Ich würde den Weg über das Windows7 Software Raid gehen. Der vorteil ist, dass jedes Windows dies Raid erkennt und wieder zusammen"fügen" kann. bei der hardware variante müssteste du immer neu initialisieren.

ich hatte beides und kann keinen unterschied feststellen.

Ab in die Datenträgerverwaltung und Rechtlick auf die zu spiegelnde Partition und los gehts 

sieht dann so aus:



			Dieser Inhalt steht nur eingeloggten Mitgliedern zur Verfügung.


----------



## Wim1337 (29. September 2013)

*AW: AHCI auf RAID umstellen möglich?*

Ich hatte zuletzt des selbe Problem. Meine Lösung: raid erstellt, auf ahci zurück gestellt, unter Windows die intel storage treiber neu installiert.

Anschließend konnte ich wieder auf raid stellen und Windows startete.
Ich sitze gerade noch im Bus, daher nicht sehr ausführlich... viel Erfolg


----------



## Double_Negative (29. September 2013)

*AW: AHCI auf RAID umstellen möglich?*



the.hai schrieb:


> Ich würde den Weg über das Windows7 Software Raid gehen. Der vorteil ist, dass jedes Windows dies Raid erkennt und wieder zusammen"fügen" kann. bei der hardware variante müssteste du immer neu initialisieren.


 
N Terabyte Musik? Keine schlechte Sammlung würd ich mal sagen. 

Aber nein back to topic; das mit dem Software RAID ist mir noch gar nicht in den Sinn gekommen - vielen Dank dafür!

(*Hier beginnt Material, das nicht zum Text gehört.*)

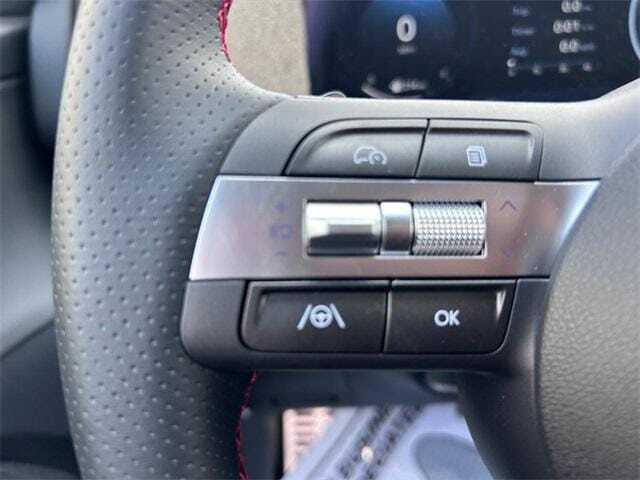 2025 Hyundai Kona N Line S AWD Cape Girardeau MO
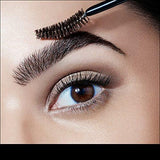 Easy Breezy Brow Shape Define Eyebrow Mascara, Soft Brown, 0.3 Fluid Ounce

Habe mich mal bezüglich des Themas ein bisschen schlau gemacht. Offensichtlich scheint die CPU Auslastung beim Software RAID nicht unerheblich zu sein (habe nur 4x3,7 GHz) und viele plädieren für ein Hardware RAID, obwohl die Vorteile der einfacheren Wiederherstellung auf der Hand liegen und so ein Onboard Controller (X79/C600 Intel) ja vermutlich auch hauptsächlich die CPU benutzen. Zieht das nicht massiv Performance fürs z.B. Spielen, wenn man nebenher dauernd was auf das RAID zugreifen lässt z.B. indem man Musik abspielt & evtl. noch zusätzlich was schreibt, also Downloads?
Habe halt vor ein paar True Crypt Volumes drauf zu machen und die gleichzeitige Ent-/Verschlüsselung des TC Volumes & RAID Spiegelung könnten der Performance schon massiv zusetzen.
Die Intel Controller dürften doch alle untereinander kompatibel sein?




Wim1337 schrieb:


> Ich hatte zuletzt des selbe Problem. Meine Lösung: raid erstellt, auf ahci zurück gestellt, unter Windows die intel storage treiber neu installiert.
> 
> Anschließend konnte ich wieder auf raid stellen und Windows startete.
> Ich sitze gerade noch im Bus, daher nicht sehr ausführlich... viel Erfolg


 
Vielen Dank! Da bin ich mal gespannt, werde ich ausprobieren - sage am Mittwoch bescheid, ob es geklappt hat! Aber dürfte doch eigentlich ein "Boot Header" Problem sein, das den Bluescreen dann auslöst? Hatte gedacht sowas kann man nur via Windows Repair wieder lösen und nicht per vermeintlich einfachen Installation ner Software.


----------



## Abductee (29. September 2013)

*AW: AHCI auf RAID umstellen möglich?*

Was möchtest du denn mit dem RAID 1 machen?


----------



## Double_Negative (29. September 2013)

*AW: AHCI auf RAID umstellen möglich?*



Abductee schrieb:


> Was möchtest du denn mit dem RAID 1 machen?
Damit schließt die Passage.